← All case studies
Manufacturing · Peak shaving

Automotive parts factory · 480 kW BESS

IZ-480K-3P + 320 kWp solar

A tier-2 automotive supplier was paying 22% of its electricity bill in demand charges alone. We sized a 480 kW / 960 kWh BESS to clip peak-hour demand and shift midday solar into evening shifts.

AP
Demand cut
−38%
Payback
3.6yr
Solar self-use
94%

The site and the problem

A tier-2 automotive supplier near Pune runs a 480 kW facility with two-shift operations. The site manufactures precision-forged components for OEM drivetrains, with peak loads hitting 480 kW during machine finishing. The DISCOM tariff structure penalised demand overshoot: 22% of the monthly electricity bill came from demand charges alone, even though actual energy use was moderate.
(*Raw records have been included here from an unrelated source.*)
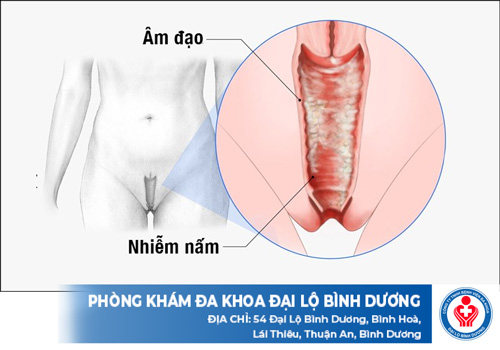 top phong kham benh nam phu khoa o dong nai 1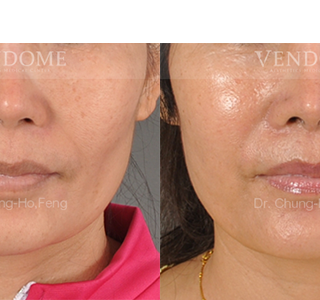 療程效果因人而異，上圖為該案例實際進行自體脂肪填補手術術後之成效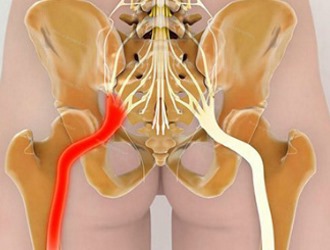 Массаж не применяют при обострении ишиаса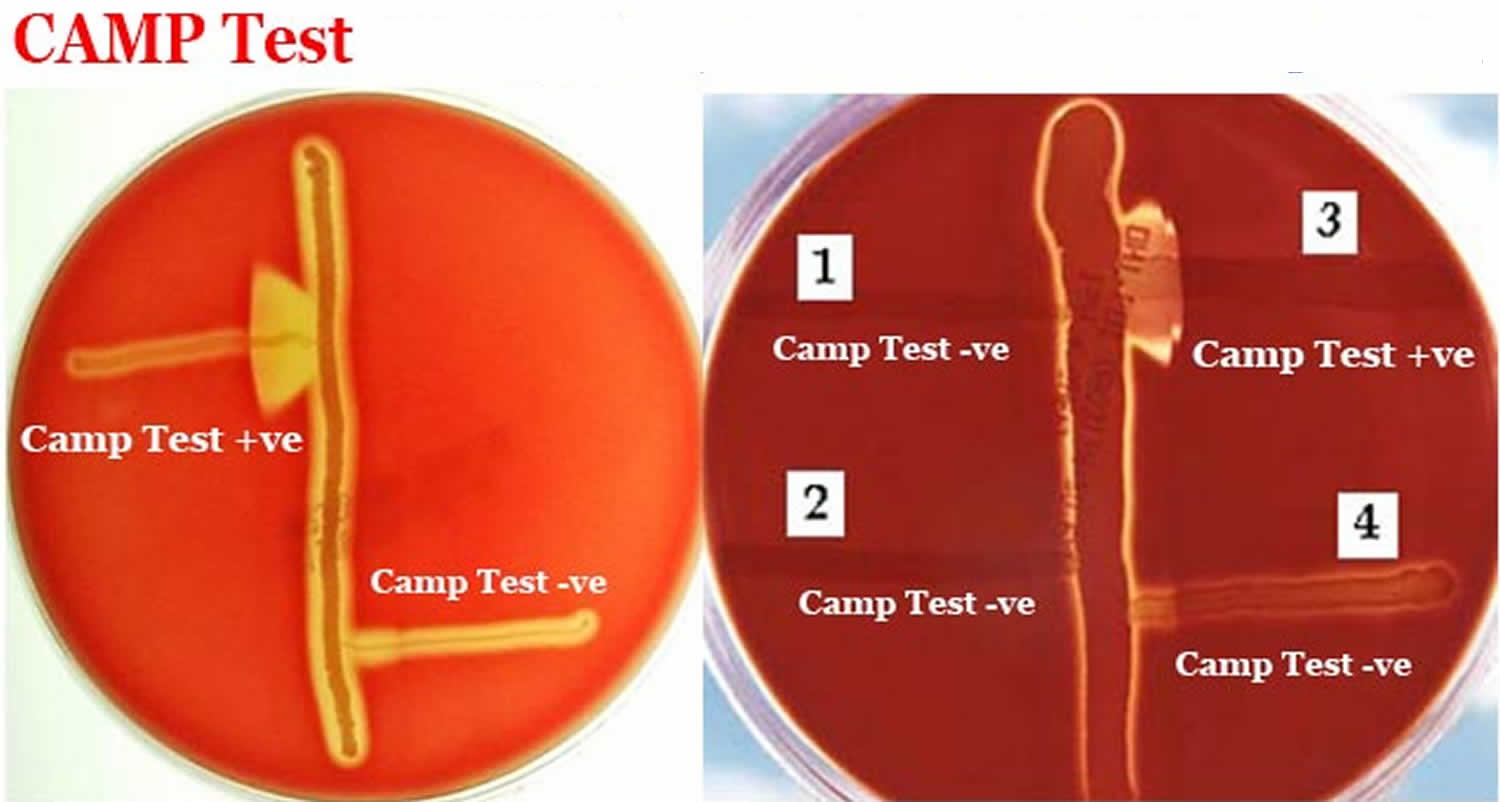 Test sobrecrecimiento bacteriano positivo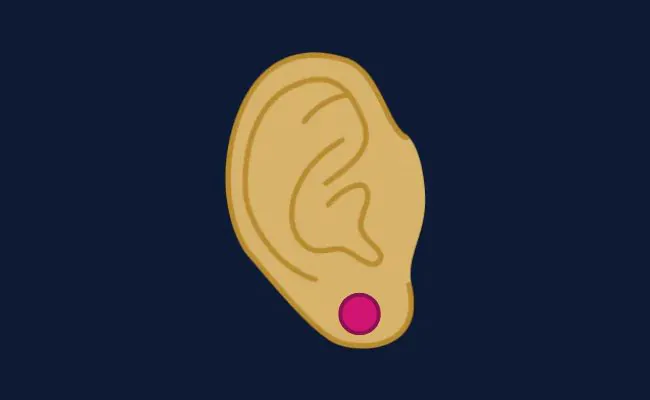 Illustration of a lobe piercing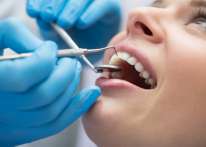 ما هي أكثر العوامل التي تؤثر على حساسية الأسنان؟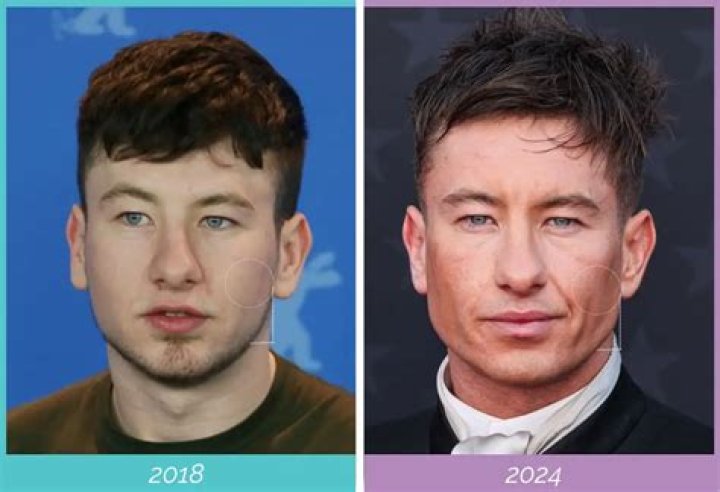 Exploring Barry Keoghan's Ethnicity: A Deep Dive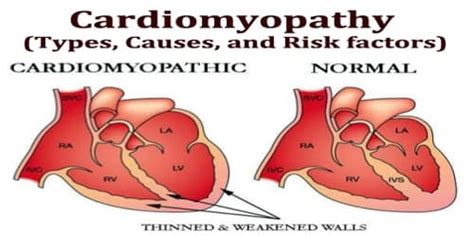 Cardiomyopathy Types Causes And Risk Factors Assignment Point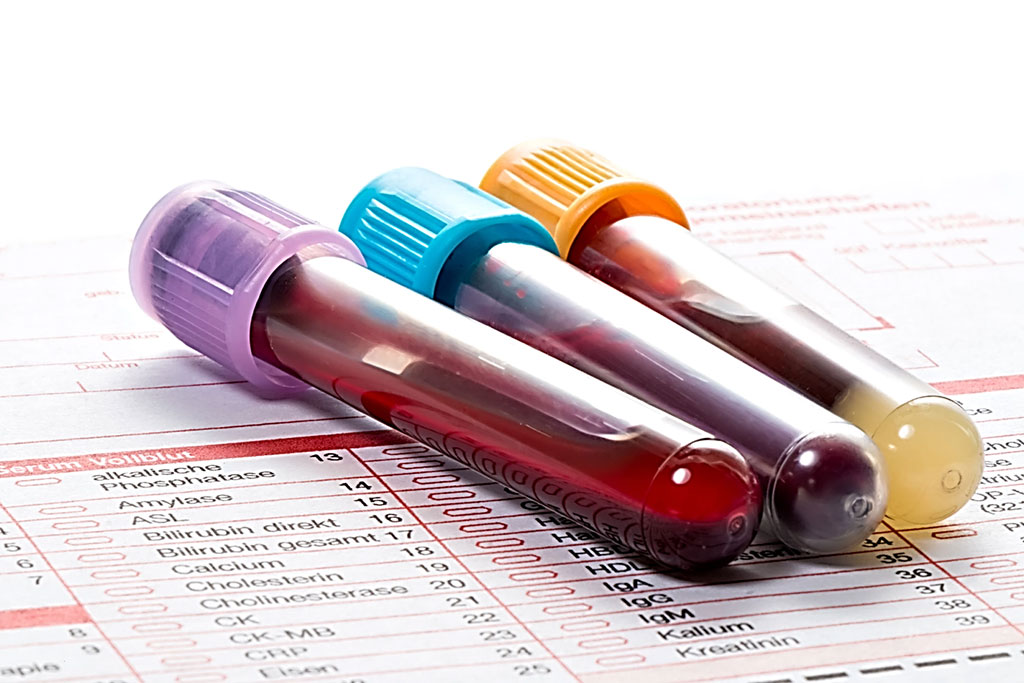 Image: Multicancer Blood Test Aids Screen for Cancer Guide Intervention (Photo courtesy of fotoquique/Depositphotos).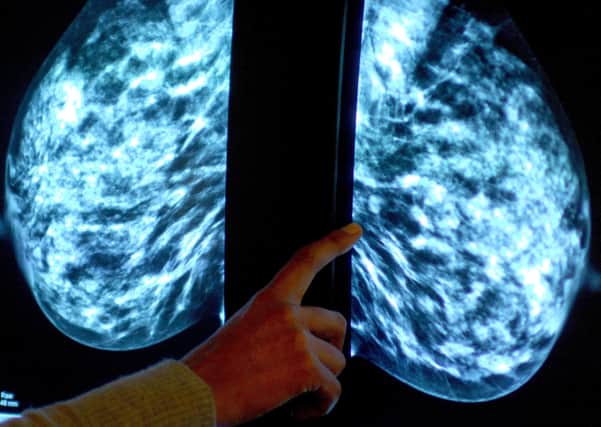 Thousands of women miss “vital” breast cancer screenings in Peterborough. Photo: PA EMN-210110-122116001
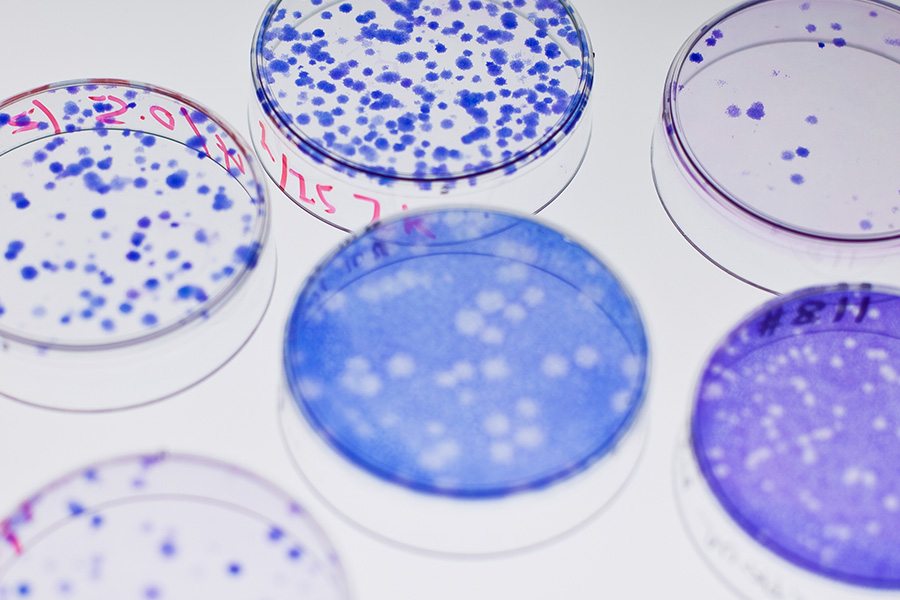 Cells in petri dish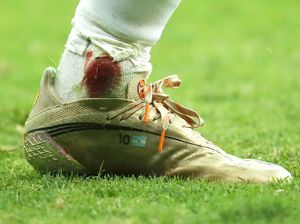 Copa America 2021: Kaki Lionel Messi Dihajar Sampai Berdarah-darah! Copa America 2021: Kaki Lionel Messi Dihajar Sampai Berdarah-darah!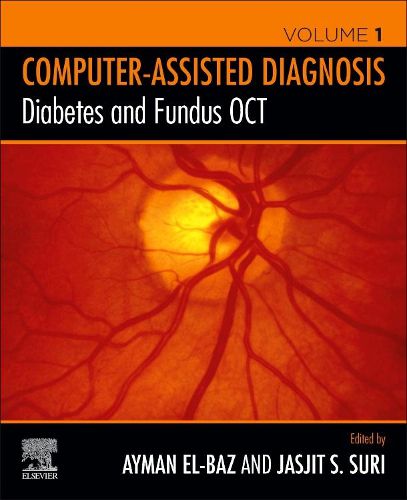 Cover image for Diabetes and Fundus OCT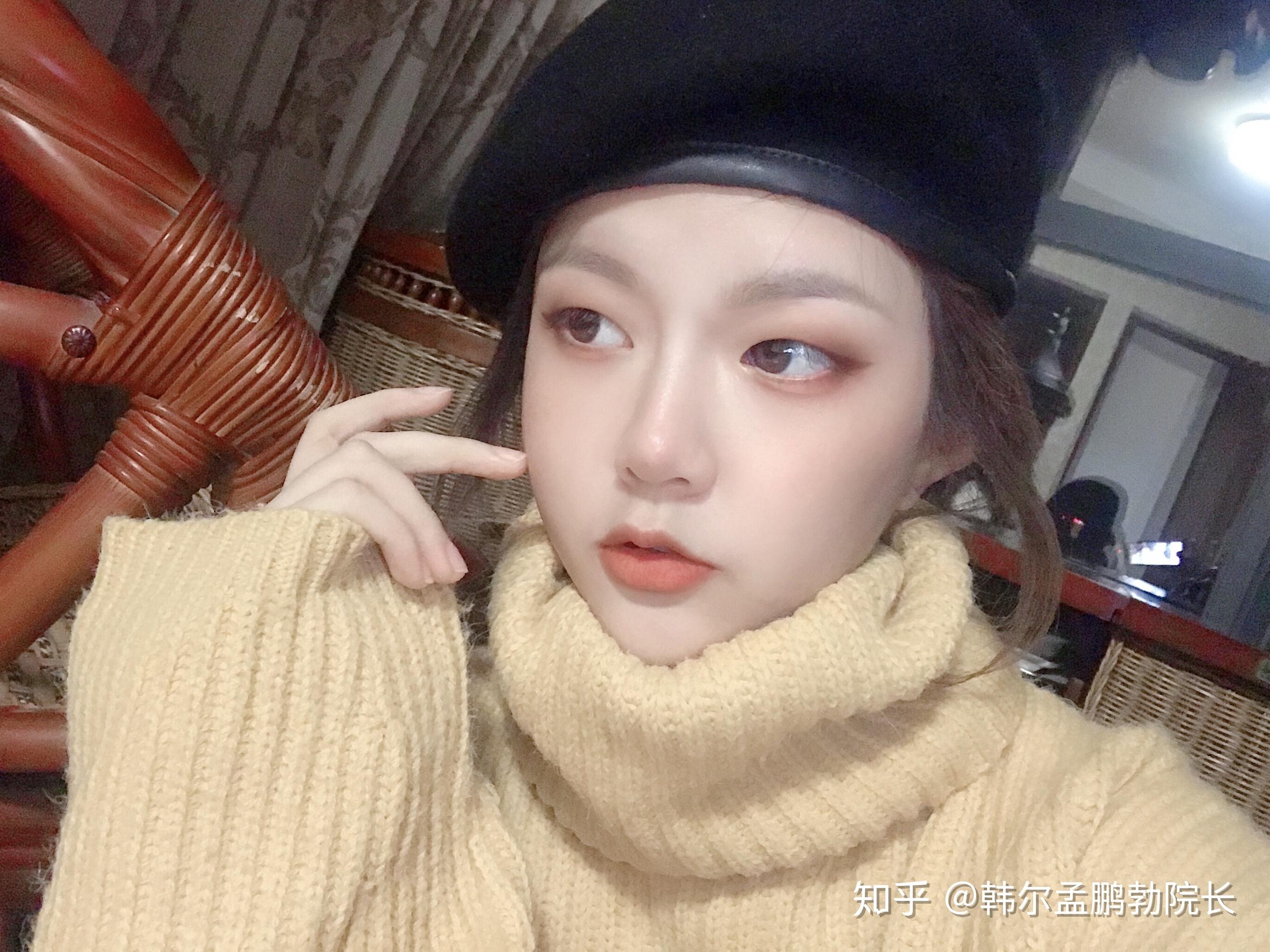 在福州韩尔做了隆鼻甩掉了又圆又钝的鼻头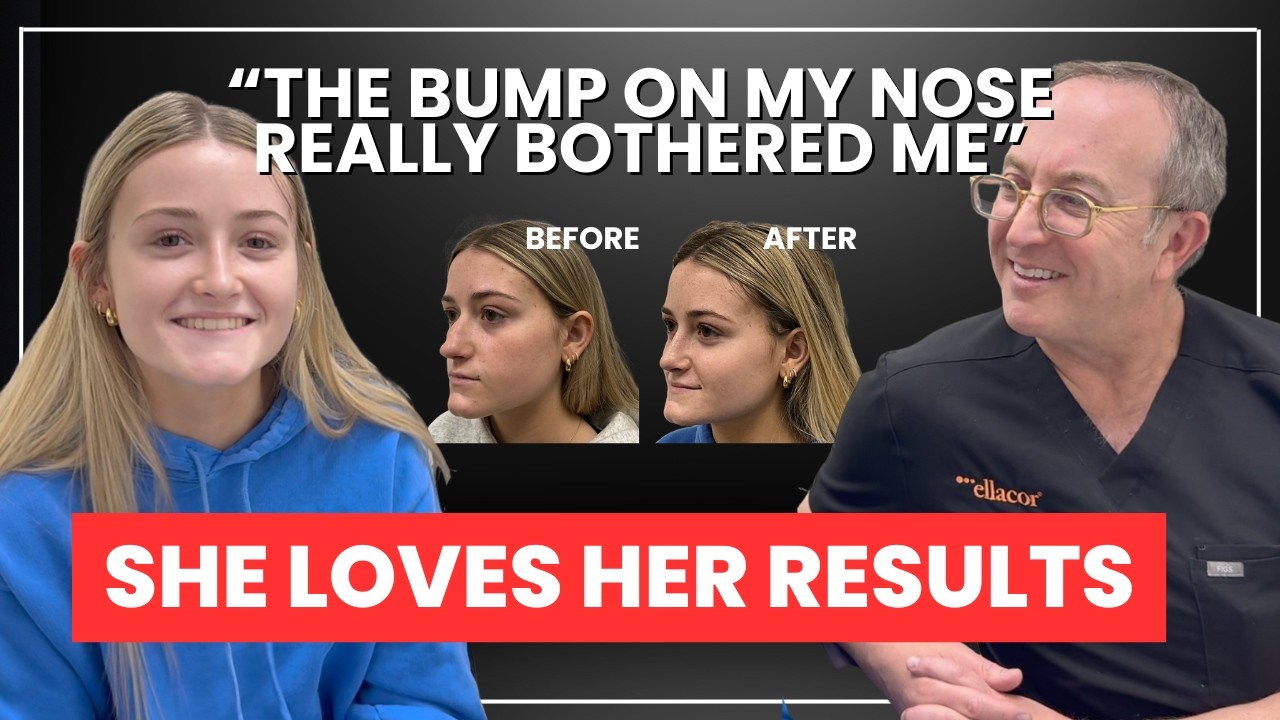 Nose Job Transformation That Changed Her Confidence - YouTube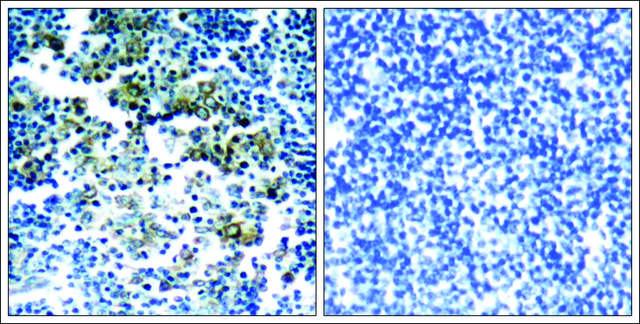 Anti-phospho-BCR (pTyr177) antibody produced in rabbit affinity isolated antibody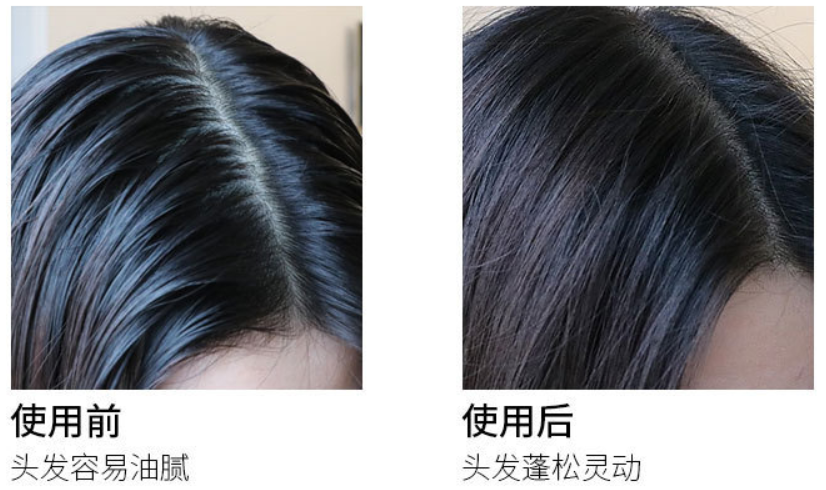 生姜洗发水怎么样(洗姜力洗发水效果好吗)-图10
Before the BESS installation, the factory relied on a 60 kVA diesel backup set for peak-hour relief. The DG ran 3-4 hours daily to shave the afternoon peak before evening grid sags. This meant ongoing fuel costs, CPCB compliance overhead (emission testing every 6 months), and noise complaints from neighbouring residential clusters.

Sizing the system

We modelled twelve weeks of 15-minute load data and found the peak duration problem: the afternoon shift peak lasted 6 to 8 hours, with a mean load of 420 kW and bursts to 480 kW. A 480 kW / 960 kWh BESS (IZ-480K-3P) was sized to clip the top 60 kW for 4 hours each day and absorb midday solar generation. Pairing this with a 320 kWp rooftop array meant solar energy produced during machine downtime could be stored and re-used during the evening shift, when grid demand charges peak across the DISCOM.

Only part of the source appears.